L’énigmatique nouveau film de Jaco Van Dormael (Le Huitième Jour) était fort attendu par tout cinéphile qui se respecte, le projet s’annonçant peu commun et d’assez grande envergure. Un film risqué, dont les premières images laissaient entrevoir quelque chose de visuellement magnifique, et qui donnait la part belle à l’imaginaire. Comme souvent dans ces cas là, le plus dur est d’avoir un scénario consistant.

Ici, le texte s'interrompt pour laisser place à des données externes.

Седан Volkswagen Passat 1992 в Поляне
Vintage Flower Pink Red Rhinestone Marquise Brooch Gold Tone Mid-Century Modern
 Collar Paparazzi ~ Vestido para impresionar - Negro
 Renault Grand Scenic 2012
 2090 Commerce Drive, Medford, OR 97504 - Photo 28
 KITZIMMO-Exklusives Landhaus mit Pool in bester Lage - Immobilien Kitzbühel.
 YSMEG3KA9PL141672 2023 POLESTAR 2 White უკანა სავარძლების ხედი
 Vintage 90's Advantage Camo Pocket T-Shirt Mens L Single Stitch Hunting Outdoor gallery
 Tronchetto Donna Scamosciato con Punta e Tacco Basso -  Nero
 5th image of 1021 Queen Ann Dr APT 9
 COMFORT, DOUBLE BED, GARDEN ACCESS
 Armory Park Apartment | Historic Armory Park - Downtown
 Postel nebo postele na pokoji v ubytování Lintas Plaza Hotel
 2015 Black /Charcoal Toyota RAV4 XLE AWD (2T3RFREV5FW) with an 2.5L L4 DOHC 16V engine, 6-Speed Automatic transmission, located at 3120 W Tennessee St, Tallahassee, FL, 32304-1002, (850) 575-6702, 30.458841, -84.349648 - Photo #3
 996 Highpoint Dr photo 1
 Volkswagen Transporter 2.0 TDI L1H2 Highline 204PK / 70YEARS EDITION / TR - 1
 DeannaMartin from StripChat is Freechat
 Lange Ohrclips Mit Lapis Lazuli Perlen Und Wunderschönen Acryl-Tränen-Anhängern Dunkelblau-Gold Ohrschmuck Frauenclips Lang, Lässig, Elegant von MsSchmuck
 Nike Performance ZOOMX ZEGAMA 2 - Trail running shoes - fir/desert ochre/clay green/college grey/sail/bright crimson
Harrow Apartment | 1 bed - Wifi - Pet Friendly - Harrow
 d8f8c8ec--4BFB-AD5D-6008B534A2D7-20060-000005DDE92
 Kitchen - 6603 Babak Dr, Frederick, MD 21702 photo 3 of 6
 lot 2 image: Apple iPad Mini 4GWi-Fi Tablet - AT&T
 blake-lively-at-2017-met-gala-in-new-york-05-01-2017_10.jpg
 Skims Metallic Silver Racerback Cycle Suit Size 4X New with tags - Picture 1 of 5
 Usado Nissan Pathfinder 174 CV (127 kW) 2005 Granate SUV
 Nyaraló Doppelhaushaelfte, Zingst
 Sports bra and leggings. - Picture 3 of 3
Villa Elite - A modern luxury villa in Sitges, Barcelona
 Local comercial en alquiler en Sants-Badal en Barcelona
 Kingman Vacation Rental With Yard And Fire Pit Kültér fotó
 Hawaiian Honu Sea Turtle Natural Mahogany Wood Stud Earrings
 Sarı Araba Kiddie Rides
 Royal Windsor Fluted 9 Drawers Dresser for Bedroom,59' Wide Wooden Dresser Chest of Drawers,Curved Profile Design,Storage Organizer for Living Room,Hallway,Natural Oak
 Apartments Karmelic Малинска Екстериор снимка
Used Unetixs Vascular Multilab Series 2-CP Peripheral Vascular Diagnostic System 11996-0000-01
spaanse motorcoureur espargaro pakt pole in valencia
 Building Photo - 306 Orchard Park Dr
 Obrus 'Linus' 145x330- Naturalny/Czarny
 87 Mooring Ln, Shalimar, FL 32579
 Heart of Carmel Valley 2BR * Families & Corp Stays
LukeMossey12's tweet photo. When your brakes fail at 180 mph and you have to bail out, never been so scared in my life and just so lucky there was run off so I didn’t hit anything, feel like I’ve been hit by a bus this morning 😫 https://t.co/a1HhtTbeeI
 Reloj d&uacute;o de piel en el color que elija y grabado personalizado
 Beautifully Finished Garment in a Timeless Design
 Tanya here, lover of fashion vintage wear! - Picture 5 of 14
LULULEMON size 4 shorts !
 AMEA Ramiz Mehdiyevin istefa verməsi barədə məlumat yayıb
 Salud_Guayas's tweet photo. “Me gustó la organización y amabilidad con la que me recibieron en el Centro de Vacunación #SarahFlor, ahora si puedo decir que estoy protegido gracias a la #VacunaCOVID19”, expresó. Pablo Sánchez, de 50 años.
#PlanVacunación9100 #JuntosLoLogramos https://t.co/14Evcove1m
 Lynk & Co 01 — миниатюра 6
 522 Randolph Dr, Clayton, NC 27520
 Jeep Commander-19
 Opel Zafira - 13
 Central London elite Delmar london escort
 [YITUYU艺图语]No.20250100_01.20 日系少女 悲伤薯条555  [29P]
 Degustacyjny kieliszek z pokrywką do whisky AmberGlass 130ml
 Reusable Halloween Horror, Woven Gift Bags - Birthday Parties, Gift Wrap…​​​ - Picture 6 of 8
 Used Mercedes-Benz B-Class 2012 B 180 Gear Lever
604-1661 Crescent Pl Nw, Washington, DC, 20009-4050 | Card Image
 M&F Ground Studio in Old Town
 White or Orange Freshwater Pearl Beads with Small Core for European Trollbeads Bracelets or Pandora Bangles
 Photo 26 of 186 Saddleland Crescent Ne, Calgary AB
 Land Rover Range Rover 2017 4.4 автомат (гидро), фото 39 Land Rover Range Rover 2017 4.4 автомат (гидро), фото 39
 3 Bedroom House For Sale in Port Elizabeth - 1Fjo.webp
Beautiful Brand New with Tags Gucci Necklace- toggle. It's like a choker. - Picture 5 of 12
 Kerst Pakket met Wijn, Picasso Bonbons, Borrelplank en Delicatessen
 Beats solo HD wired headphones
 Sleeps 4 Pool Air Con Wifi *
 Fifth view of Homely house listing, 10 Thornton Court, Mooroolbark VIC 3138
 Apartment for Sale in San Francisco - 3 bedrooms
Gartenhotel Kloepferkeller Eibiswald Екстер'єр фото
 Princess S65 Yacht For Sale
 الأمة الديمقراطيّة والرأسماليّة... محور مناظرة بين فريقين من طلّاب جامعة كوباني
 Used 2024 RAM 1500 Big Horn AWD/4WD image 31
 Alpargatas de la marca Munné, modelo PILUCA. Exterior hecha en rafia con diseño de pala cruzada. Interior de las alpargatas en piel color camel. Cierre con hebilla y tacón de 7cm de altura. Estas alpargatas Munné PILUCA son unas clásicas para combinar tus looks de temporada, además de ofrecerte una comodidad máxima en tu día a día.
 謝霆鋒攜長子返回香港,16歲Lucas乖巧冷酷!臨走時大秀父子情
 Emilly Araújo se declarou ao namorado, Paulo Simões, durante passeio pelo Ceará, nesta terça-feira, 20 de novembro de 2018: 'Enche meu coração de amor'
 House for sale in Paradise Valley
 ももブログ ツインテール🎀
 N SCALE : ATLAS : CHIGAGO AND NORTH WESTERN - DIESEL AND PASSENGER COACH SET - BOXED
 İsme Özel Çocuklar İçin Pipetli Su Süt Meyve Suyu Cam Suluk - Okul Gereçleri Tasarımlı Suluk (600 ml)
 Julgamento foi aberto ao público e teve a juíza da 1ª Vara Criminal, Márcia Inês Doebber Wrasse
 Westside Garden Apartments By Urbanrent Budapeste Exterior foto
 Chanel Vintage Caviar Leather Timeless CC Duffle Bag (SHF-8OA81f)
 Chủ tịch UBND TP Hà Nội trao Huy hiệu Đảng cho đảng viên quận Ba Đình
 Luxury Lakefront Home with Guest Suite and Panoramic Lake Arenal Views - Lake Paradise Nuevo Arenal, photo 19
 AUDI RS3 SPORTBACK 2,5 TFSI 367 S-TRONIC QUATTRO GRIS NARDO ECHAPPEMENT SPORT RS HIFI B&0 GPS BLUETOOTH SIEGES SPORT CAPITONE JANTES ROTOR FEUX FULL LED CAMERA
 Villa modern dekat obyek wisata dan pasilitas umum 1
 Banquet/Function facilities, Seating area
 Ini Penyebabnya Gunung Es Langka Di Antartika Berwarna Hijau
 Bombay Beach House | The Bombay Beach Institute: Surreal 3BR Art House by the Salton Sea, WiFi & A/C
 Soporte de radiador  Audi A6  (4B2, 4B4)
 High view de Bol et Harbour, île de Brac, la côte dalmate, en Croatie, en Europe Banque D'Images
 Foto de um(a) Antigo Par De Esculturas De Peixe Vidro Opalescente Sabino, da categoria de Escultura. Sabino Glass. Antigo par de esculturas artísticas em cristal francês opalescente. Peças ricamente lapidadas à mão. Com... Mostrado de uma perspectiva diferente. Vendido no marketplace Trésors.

Où nous découvrons donc Nemo Nobody, dernier mortel d’une société futuriste (nous sommes en 2092) au passé amnésique. L’enjeu est donc de remonter ces souvenirs pour mieux découvrir qui il est. Né en 1975, monsieur Nobody nous raconte la séparation de ses parents, son départ avec sa mère, sa vie avec son père, sa rencontre fusionnelle avec Anna, ses trois enfants avec Elise, sa rencontre avec Jeanne… Et tout cela entremêlé, comme si le jeune Nemo n’avait pu choisir quelle voie emprunter à chaque instant de sa vie. Dans un montage évidemment très complexe, mêlant passé, présent et futur, et ses différentes vies possibles et imaginables, Nemo Nobody nous entraîne dans un foisonnement de réalité et d’histoires qui vont à chaque fois découvrir ses forces et ses faiblesses. C’est ainsi qu’à chaque rencontre passionnelle, fusionnelle, ou décision drastique, il aura à en supporter les conséquences, bonnes ou mauvaises. Car Nemo, s’il peut ainsi emprunter les différents chemins qui lui sont offerts (et on cite Tennessee Williams au passage, quand même), va surtout nous montrer que quelque soit le choix validé, il n’y a jamais de bonheur absolu, et que la vie est faite de haut et de bas.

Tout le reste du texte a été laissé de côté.